I quickly tired of the Michael (the angel) storyline. The show continues to find new demons and battles to fight that feel relatively fresh after all these years. At its core, it’s always been about family.

But, what an ending! It was reminiscent of the final moments of the 5th season of Angel but with another season still coming so that we can see how they resolve this predicament Sam and Dean are in.

Fifteen seasons would make for a good stopping point. It’s time for the show to end. It’s had a good run.

⭐⭐⭐⭐/5 stars

Legacies

Legacies is a spinoff of The Originals, which is a spinoff of The Vampire Diaries, which is a show based on a book series of the same name. That’s a rabbit hole if I’ve ever seen one.

I’m so over the hot-20-somethings-playing-teens dramas at this point. Perhaps I’m just at a time in my life where I crave more adult-themed shows. The problems of high schoolers don’t seem so bad when you’re in your 30s. At least it showed more promise than that other high-school drama, Riverdale, this season.

Frankly, I came for the magic and not the make-out sessions.

Admittedly, I didn’t watch the entire first season because of scheduling conflicts. I do have it DVR’d for later watching. I’ll pick it back up when I don’t have anything else to watch.

⭐⭐⭐/5 stars

Blindspot

Meh.

I’m mostly bored with the show now. It’s getting repetitive. The original premise for the show made for a good 2-3 seasons at most. A woman with tattoos all over her body and no memory shows up in the middle of the city with an FBI officer’s name on her back. The tattoos are clues about events that will happen.

Some stories should have endings and not stay on their air beyond that. I blame it on American commercialism. Milk any success as long as you can instead of moving on.

⭐⭐/5 stars

All American

I was hoping for my Friday Night Lights fix just in a different setting. I was hoping to watch a show about football. What I got was a show about trust-fund kids and one guy who was supposed to be good at football who seems a little bummed about life blessing him with the short end of the stick.

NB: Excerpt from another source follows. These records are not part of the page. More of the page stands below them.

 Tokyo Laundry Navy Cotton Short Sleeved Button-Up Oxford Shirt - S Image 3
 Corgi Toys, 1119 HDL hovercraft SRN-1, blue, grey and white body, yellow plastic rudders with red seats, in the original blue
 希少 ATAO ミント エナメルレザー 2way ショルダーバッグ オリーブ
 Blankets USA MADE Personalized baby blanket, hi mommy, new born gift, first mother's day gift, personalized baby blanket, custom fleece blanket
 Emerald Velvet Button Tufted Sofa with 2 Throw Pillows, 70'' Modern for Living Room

I was an all-state football player in high school. Aside from a couple of years in late elementary school, I played all the way from 1st grade until the time I graduated. I know how high school football works.

You don’t take beach trips on a regular basis after school if you’re playing football. You’re hitting the field by 3:15 after class lets out and leaving around 6:30. You’re doing two-a-days in August heat before your summer break is over. If this is football on the West Coast, it’s no wonder that the sport’s greatest talent and teams come from the South. Our programs mold boys into men.

You have your stereotypical white guy who dislikes the black guy joining the team. And, of course, the white guy’s girlfriend apparently has a thing for the newcomer. It’s not that these are bad elements to work with. There’s just not anything more than surface-level reasons for them in the story. You can find this tale told much better elsewhere.

The show had a lot of potential. It just didn’t deliver quickly enough to keep me watching the second half of the season.

⭐⭐/5 stars.

The Orville

Saving the best for last?

The Orville is a modern-day Star Trek: The Next Generation, the Star Trek that I grew up with. TNG didn’t hit its stride until a few seasons in. Seth Macfarlane and The Orville have delivered from Day 1.

I’ll go ahead and say it. It’s the best series on network TV today.

The show manages to tackle real social and political issues without forcing a particular viewpoint down your throat. It doesn’t preach to you. It presents balanced looks at the problems of our time in a setting far into the future. Ultimately, humans always have and will likely continue struggling with our own nature, regardless of the era.

It’s comedy. It’s tragedy. It’s romance. It’s drama. It’s political satire. It’s a space opera done right.